**INPUT RECORDS:**
---

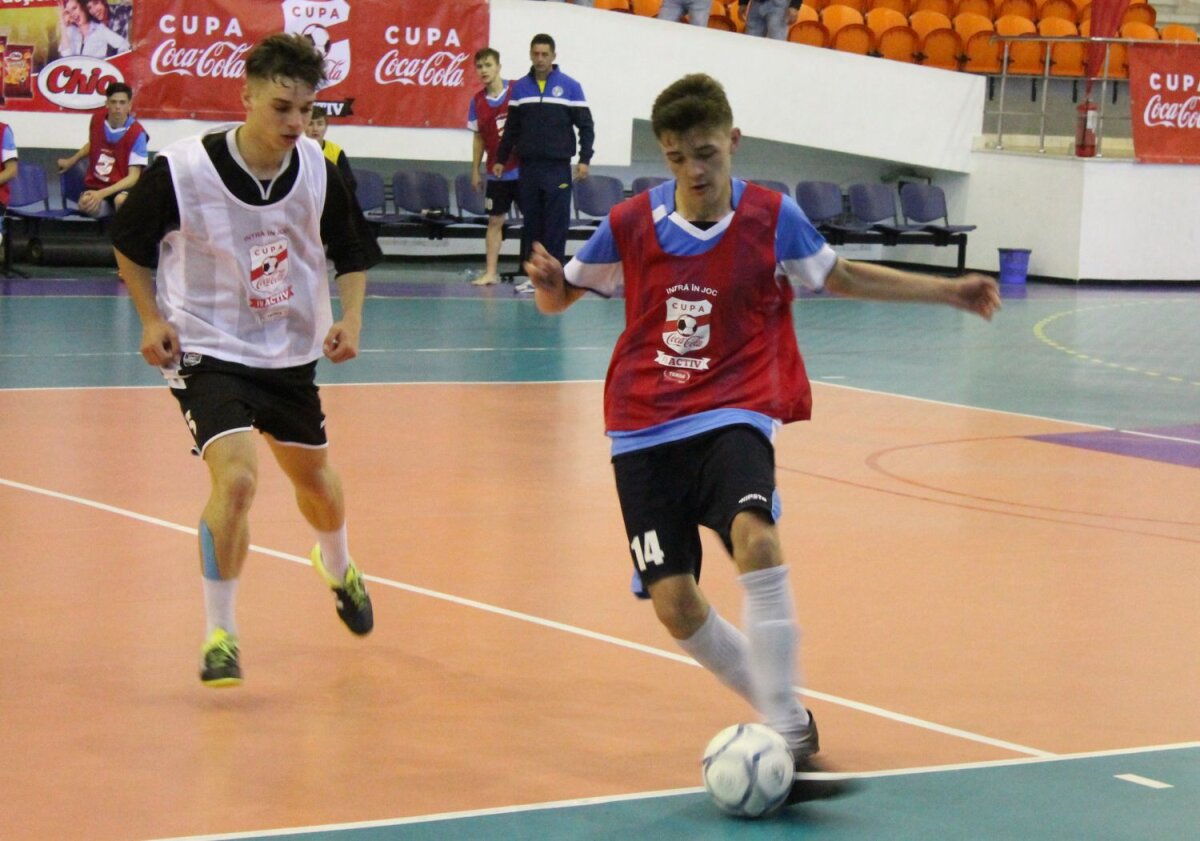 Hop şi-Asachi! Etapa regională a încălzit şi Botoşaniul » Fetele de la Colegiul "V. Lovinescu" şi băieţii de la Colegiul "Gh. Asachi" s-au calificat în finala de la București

---

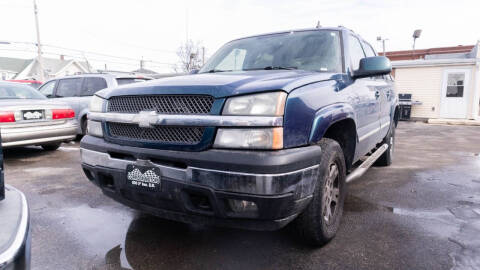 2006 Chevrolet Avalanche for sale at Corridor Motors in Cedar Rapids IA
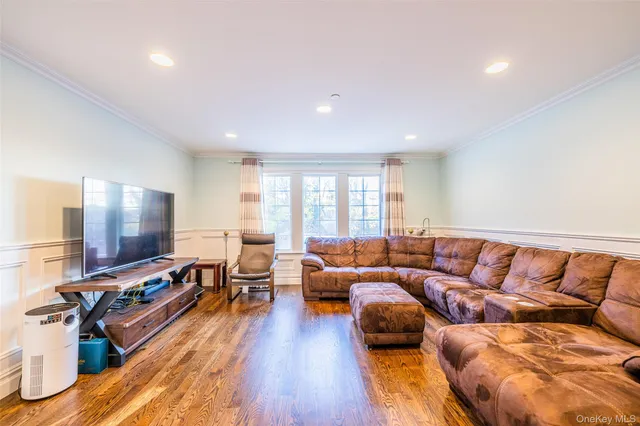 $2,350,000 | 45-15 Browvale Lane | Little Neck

---

**AIM OF THE EXERCISE:** Above are entries with pictures among them. Write out exactly the lines from the one containing "2006 Chevrolet Avalanche" through the one containing "Lane | Little Neck", ends included, and leave those pictures out.

**TASK SOLUTION:**
 2006 Chevrolet Avalanche for sale at Corridor Motors in Cedar Rapids IA
 $2,350,000 | 45-15 Browvale Lane | Little Neck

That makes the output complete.